Suas idéias se assemelham às encontradas no poema Paisagem, que abre a série Quadros Parisienses e que foi publicado pela primeira vez a 15 de abril de 1857 em Le présent. Tal qual na descrição do trabalho de Méryon, que era amigo de Baudelaire, a quem tinha como seu principal crítico, o poema mostra a cidade com suas luzes, seus ruídos, seus edifícios, paradigma da imaginação que voluntariamente se priva de todo e qualquer espetáculo natural.

Quero, para compor os meus castos monólogos,
Deitar-me ao pé do céu, assim como os astrólogos,
E, junto aos campanários, escutar sonhando.
Solenes cânticos que o vento vai levando, só, na água-furtada,
Verei a fábrica em azáfama engolfada;
Torres e chaminés, os mastros da cidade,
E o vasto céu que faz sonhar a eternidade.
32

Paisagem. V. 01-08.


É o mesmo céu, a indústria lançando no firmamento sua fumaça, a mesma cidade e a mesma imaginação criadora a serviço da arte. O mesmo sentimento diante de um mundo que está sendo transformado em ruínas, onde o que fica gravado na memória são os traços da pintura que retratam tais acontecimentos ou o risco da pena que descreve tal cenário.

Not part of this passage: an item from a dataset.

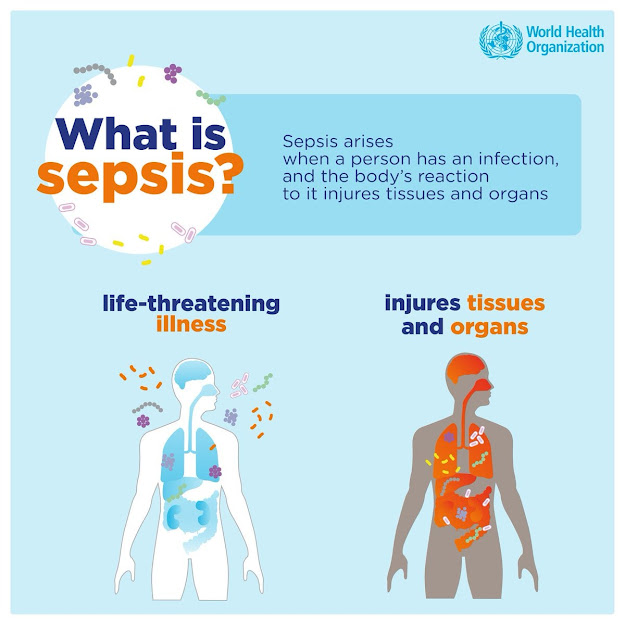 National Cancer Society of Malaysia, Penang Branch What Is Sepsis?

Tal qual um “caleidoscópio carregado de energia”, o poeta desceu às profundezas da cidade para revelar as formas de beleza e as monstruosidades criadas pela modernização.

________________

24 BAUDELAIRE, Charles. A Arte Filosófica. Poesia e prosa. Op. cit, p. 789.
25 BAUDELAIRE, Charles. A Uma Passante. As Flores do Mal. Op. cit. p. 344-345.
“La rue assourdissante autour de moi hurlait/ Longue, mince, en grand deuil, douleur majestueuse, / Une femme passa, d’une main fastueuse/ Soulevant, balançant le feston et l’ourlet; // Agile et noble, avec sa jambe de statue. / Moi, je buvais, crispé camme um extravagant, / Dans son oeil, ciel livide aù germe l’ouragan,/ La douceur qui fascine et le plaisir qui tue.// Un éclair... puis la nuit! — Fugitive beauté/ Dont le regard m’a fait soudainement renaître,/ Ne te verrai-je plus que dans l’éternité?// Ailleurs, bien loin d’ici! Trop tard! jamais peut-être!/ Car j’ignore aù tu fuis, tu ne sais aù je vais,/ O toi que j’eusse aimée, ô toi qui le savais!”
26 BENJAMIN, Walter. Charles Baudelaire: Op. Cit., p. 42.
27 Ibidem, p. 43.
28 Ibidem, 117.
29 JUNQUEIRA, Ivan. A arte de Baudelaire. As Flores do Mal. Op. cit, p. 89.
30 BAUDELAIRE, Charles. O pintor da vida moderna. A modernidade de Baudelaire. Op. Cit., p. 171.
31 BAUDELAIRE, Charles. Salão de 1859. A modernidade de Baudelaire. Op. cit. p. 136.
32 BAUDELAIRE, Charles. Paisagem. As Flores do Mal. Op. cit. p. 316-317.
“Je veux, pour composer chastement mês églogues, / Coucher auprès du cil, comme les astrologues, / Et, voisin des clochrs, écouter en rêvant / Leurs hymnes solennels emportés par le vent. / Les deux mains au menton, du haut de ma mansarde, / Je verrai l`atelier Qui chante et Qui bavarde; / Les tuyaux, les clocherrs, ces mâts de la cité, / Et les grands ciels Qui font rêver d`éternité.”